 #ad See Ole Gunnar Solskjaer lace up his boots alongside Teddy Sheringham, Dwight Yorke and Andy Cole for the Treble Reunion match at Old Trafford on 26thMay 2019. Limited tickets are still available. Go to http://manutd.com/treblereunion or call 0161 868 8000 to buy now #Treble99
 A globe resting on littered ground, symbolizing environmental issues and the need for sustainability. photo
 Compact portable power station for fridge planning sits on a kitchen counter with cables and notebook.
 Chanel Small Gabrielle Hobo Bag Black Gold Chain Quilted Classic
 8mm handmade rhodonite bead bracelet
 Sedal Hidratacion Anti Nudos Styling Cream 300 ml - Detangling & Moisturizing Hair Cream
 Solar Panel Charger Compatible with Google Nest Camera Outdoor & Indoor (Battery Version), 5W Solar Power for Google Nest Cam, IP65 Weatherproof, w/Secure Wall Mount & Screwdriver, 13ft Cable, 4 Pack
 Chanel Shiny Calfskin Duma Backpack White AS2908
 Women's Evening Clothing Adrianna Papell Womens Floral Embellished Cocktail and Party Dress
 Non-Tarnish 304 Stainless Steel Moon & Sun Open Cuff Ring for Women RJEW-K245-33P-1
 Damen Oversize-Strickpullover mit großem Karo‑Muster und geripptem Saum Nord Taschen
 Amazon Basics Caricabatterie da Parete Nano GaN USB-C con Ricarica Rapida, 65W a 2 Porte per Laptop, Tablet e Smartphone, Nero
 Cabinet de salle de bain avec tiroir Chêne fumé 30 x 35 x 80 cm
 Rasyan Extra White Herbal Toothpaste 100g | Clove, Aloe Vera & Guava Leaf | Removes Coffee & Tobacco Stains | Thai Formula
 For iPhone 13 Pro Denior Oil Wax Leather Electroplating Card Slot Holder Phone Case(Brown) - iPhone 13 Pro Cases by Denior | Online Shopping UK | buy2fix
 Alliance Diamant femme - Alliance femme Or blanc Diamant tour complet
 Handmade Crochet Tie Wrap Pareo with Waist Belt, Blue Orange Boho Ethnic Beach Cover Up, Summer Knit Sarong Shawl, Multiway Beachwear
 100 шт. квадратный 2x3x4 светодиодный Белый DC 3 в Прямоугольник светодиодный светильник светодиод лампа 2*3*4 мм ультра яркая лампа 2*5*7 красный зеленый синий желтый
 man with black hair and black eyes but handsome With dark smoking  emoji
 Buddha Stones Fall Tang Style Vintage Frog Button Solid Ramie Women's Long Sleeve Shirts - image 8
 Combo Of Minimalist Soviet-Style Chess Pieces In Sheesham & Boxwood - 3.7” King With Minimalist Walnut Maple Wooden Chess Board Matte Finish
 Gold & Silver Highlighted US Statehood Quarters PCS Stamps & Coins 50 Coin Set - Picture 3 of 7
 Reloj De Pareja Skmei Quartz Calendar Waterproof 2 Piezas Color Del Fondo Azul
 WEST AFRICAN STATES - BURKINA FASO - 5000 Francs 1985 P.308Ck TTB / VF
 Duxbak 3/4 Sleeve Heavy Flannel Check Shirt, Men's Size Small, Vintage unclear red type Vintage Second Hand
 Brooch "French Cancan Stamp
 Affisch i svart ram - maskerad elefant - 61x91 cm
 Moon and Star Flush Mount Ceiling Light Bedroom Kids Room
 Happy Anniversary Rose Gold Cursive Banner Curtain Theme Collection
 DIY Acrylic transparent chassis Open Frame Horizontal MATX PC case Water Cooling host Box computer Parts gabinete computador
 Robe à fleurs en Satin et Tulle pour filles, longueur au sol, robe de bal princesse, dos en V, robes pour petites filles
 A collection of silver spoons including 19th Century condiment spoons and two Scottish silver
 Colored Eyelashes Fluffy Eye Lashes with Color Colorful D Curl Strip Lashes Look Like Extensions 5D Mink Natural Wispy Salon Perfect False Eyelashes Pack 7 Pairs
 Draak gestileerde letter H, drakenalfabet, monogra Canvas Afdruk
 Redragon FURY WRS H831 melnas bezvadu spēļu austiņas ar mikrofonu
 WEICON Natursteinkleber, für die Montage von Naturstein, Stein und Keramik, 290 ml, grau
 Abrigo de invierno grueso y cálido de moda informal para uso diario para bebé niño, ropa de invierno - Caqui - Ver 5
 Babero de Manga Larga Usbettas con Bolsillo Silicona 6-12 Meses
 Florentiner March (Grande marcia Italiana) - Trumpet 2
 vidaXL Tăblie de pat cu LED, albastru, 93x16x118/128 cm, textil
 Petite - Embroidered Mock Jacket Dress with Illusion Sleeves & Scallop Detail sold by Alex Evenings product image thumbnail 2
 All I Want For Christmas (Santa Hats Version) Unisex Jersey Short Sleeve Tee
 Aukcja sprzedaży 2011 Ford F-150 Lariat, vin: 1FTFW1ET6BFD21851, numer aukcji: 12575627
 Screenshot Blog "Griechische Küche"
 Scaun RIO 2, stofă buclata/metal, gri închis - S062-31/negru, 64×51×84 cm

────────

Aim of the task> Return exactly, and only, the lines above starting at the line that contains "Non-Tarnish 304 Stainless" and ending at the line that contains "Handmade Crochet Tie".

Answer area>
 Non-Tarnish 304 Stainless Steel Moon & Sun Open Cuff Ring for Women RJEW-K245-33P-1
 Damen Oversize-Strickpullover mit großem Karo‑Muster und geripptem Saum Nord Taschen
 Amazon Basics Caricabatterie da Parete Nano GaN USB-C con Ricarica Rapida, 65W a 2 Porte per Laptop, Tablet e Smartphone, Nero
 Cabinet de salle de bain avec tiroir Chêne fumé 30 x 35 x 80 cm
 Rasyan Extra White Herbal Toothpaste 100g | Clove, Aloe Vera & Guava Leaf | Removes Coffee & Tobacco Stains | Thai Formula
 For iPhone 13 Pro Denior Oil Wax Leather Electroplating Card Slot Holder Phone Case(Brown) - iPhone 13 Pro Cases by Denior | Online Shopping UK | buy2fix
 Alliance Diamant femme - Alliance femme Or blanc Diamant tour complet
 Handmade Crochet Tie Wrap Pareo with Waist Belt, Blue Orange Boho Ethnic Beach Cover Up, Summer Knit Sarong Shawl, Multiway Beachwear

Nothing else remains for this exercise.